Dublin’s street signs are not looking so good
We must stop treating our cities as glorified car parks and focus more on quality streets
Dublin street signs compare unfavourably to those in Paris, which often tell you who or what they are named after. Photograph: Bryan O’Brien
Having lived in Dublin’s inner city for much of my life, I tend to get upset about the little things, like street-signs for example.
You go to Italy and signs are carved from stone and highlighted in black paint so that they’re visible from across the street: “Piazza della Scala” or “Via Monte Napoleone”. In Paris they’re printed on blue and green enamel, and not only do they tell you which postal district you’re in, they often tell you what they’re named after: “Avenue Victor Hugo 1802-1885 écrivain, Poéte et Homme Politique”.
Here we’ve got “Sráid Uí Chonaill. O’Connell Street”, and the sign itself is almost unreadable due to a poor paint job.
Wouldn’t it read better as “Sráid Dónall Ó Conaill, Daniel O’Connell Street, 1775-1847, An Fuascailteoir, The Liberator”?

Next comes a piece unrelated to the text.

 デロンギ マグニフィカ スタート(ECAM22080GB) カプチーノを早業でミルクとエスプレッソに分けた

But really it is way past time we bit the bullet and planted more street trees
We could also rethink the typeface, but that’s another day’s work.
Trees and seating also come to mind. There’s lots of research out there linking human health and happiness to the presence of greenery but in our cities trees mean wealth, and their absence indicates poverty. Inner city streets often have parking on both sides, and not a single tree. There’s lots of reasons not to do it – underground services, loss of parking revenue, and maintenance – but really it is way past time we bit the bullet and planted more street trees.

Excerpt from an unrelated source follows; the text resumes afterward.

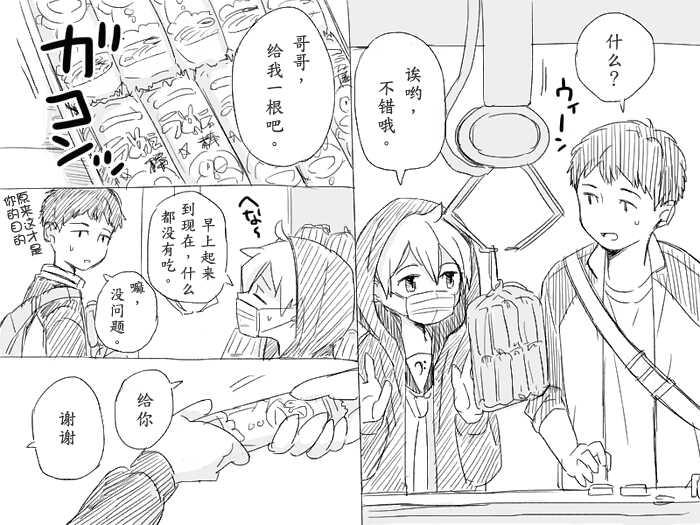 [Satou Miya] Geesen de Kagamine Len to atta kekka | 在游戏厅遇到镜音连之后 (Vocaloid) [Chinese] - Page 2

The good news is that Dublin City Council hired an arborist recently. While we’re at it we could put in more public seating so that if you need a rest you can put your feet up without having to buy a drink.
We’ve had a public realm strategy in Dublin for the last few years, but when you see what cities like Amsterdam are like, you realise we’re in the ha’penny place. It is time we stopped treating our towns and cities as glorified car parks, and focused more on quality streets.